■ RECORDS SHOWN
+ + + + +
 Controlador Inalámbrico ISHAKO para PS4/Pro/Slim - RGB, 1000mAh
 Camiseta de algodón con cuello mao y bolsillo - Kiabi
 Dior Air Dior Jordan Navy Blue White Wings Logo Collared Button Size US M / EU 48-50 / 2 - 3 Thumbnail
+ + + + +
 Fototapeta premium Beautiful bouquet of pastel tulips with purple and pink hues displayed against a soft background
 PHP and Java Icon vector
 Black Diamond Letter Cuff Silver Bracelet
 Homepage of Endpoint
+ + + + +
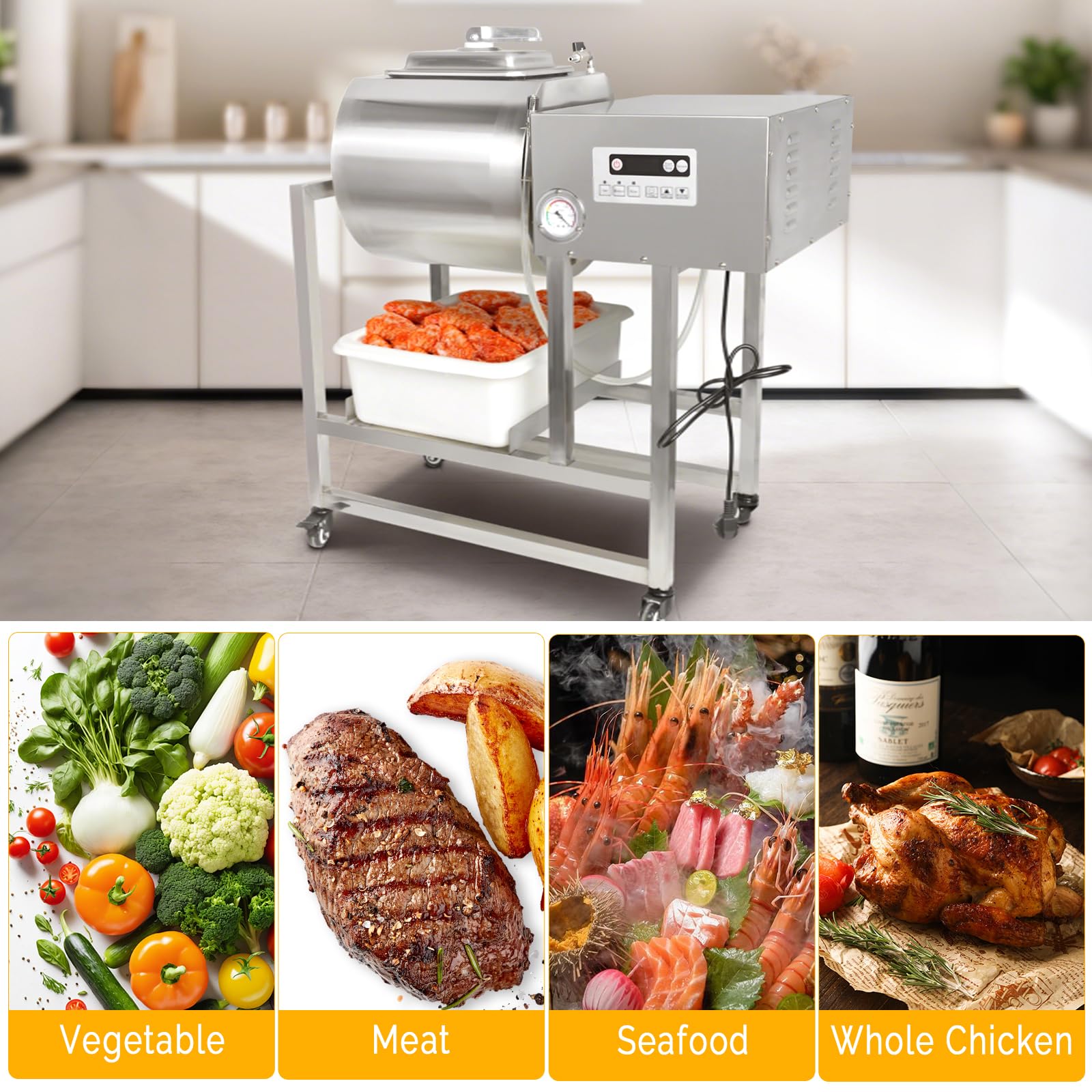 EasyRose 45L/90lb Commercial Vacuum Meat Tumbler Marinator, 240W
+ + + + +
■ TASK BRIEF
Using the data above, extract exactly the lines from the one that holds "Camiseta de algodón" to the one that holds "Dior Air Dior", both ends included, and no others.

■ REPLY
 Camiseta de algodón con cuello mao y bolsillo - Kiabi
 Dior Air Dior Jordan Navy Blue White Wings Logo Collared Button Size US M / EU 48-50 / 2 - 3 Thumbnail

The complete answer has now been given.